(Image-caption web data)
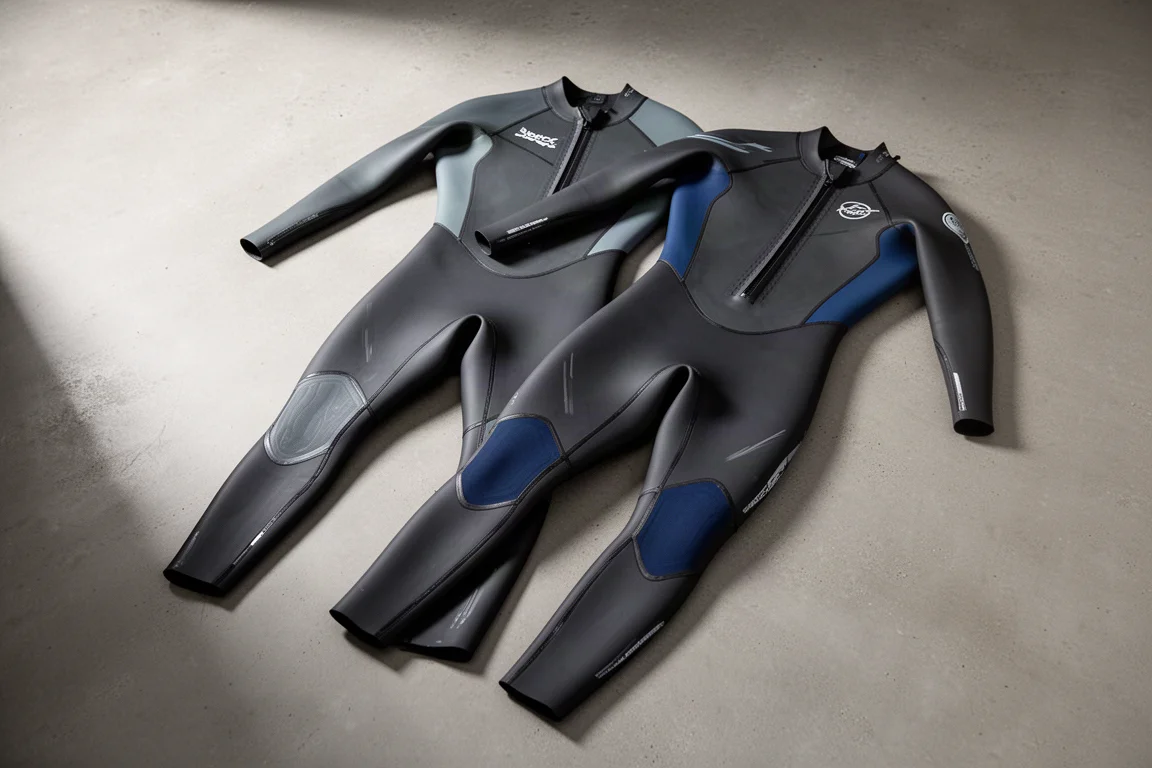 Twee openwater-zwemwetsuits in zwart en diepblauw plat op een betonnen oppervlak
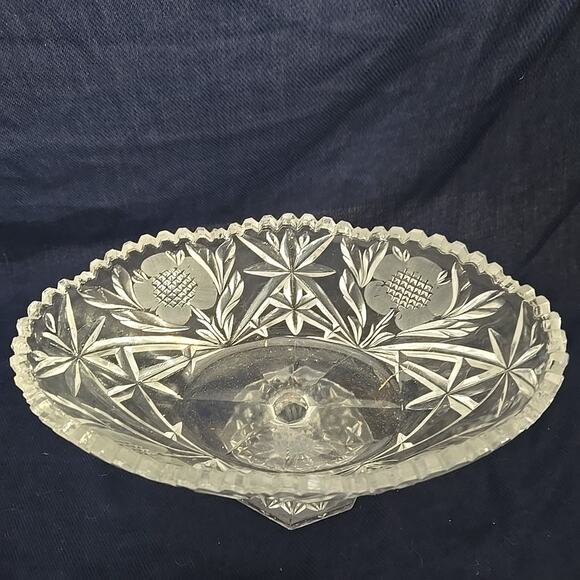 Stunning Jardiniere 24% Lead Hand Cut Lead Crystal Helena Stem Centerpiece 327 - Picture 2 of 11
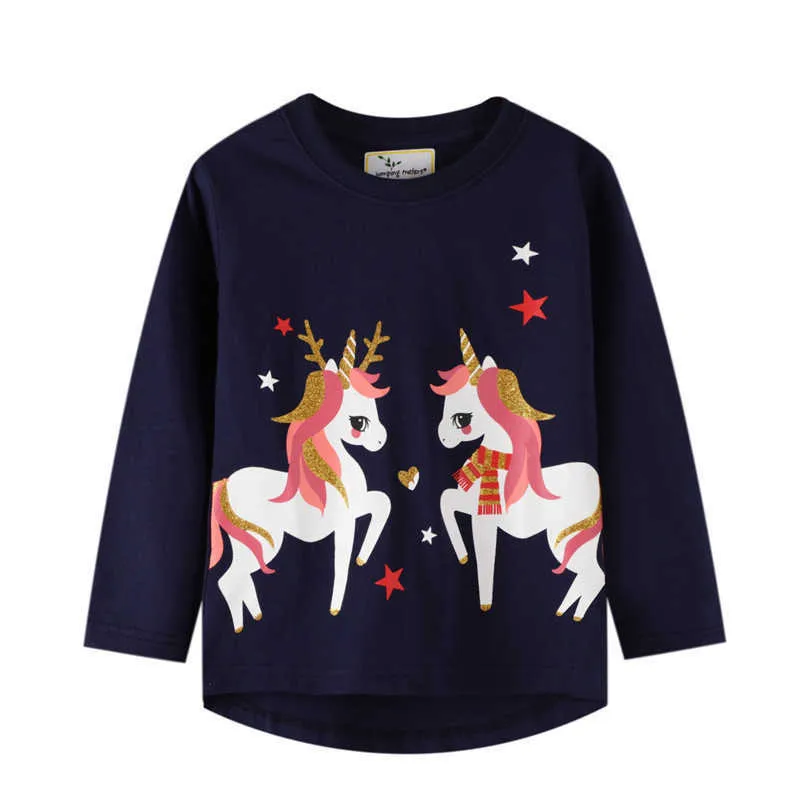 Hoppmätare Långärmad T-shirt Unicorn Baby Bomull Kläder för höst Vårt barns toppar Blusflickor 210529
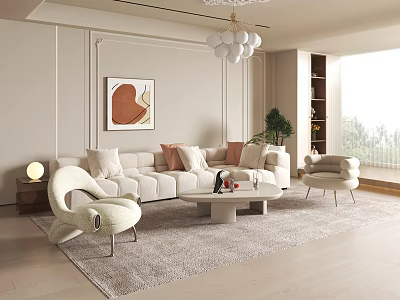 Light Colored Wall With Decorative Molding And Framed Artwork In Modern Living Room Interior 3d model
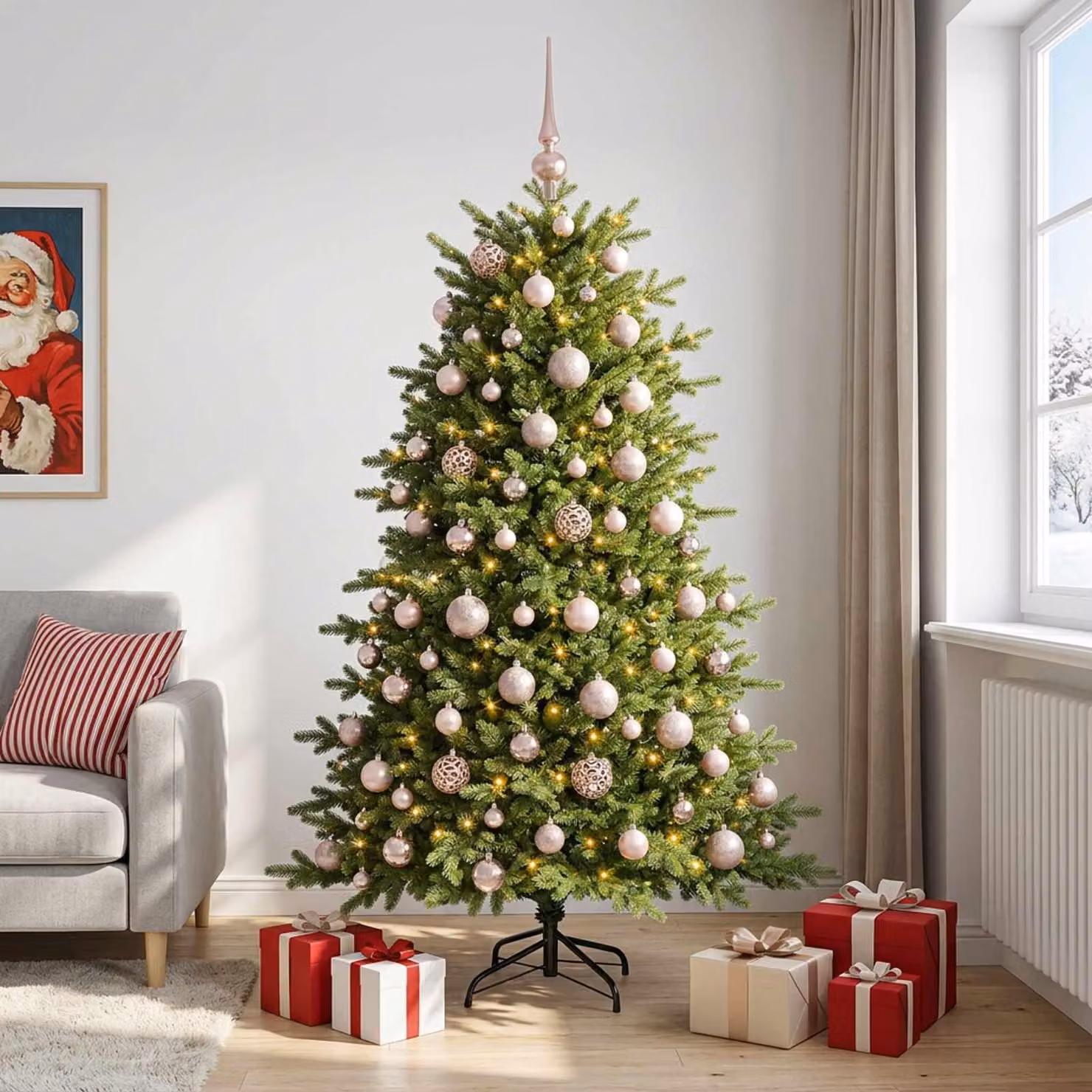 Albero di Natale artificiale con decorazioni a forma di sfera natalizia, altezza 210 cm, 300 luci LED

◆ **TASK DESCRIPTION**:
With the pictures left out, copy exactly the lines from the one containing "Light Colored Wall" through the last line of the data.

◆ **THE ANSWER**:
 Light Colored Wall With Decorative Molding And Framed Artwork In Modern Living Room Interior 3d model
 Albero di Natale artificiale con decorazioni a forma di sfera natalizia, altezza 210 cm, 300 luci LED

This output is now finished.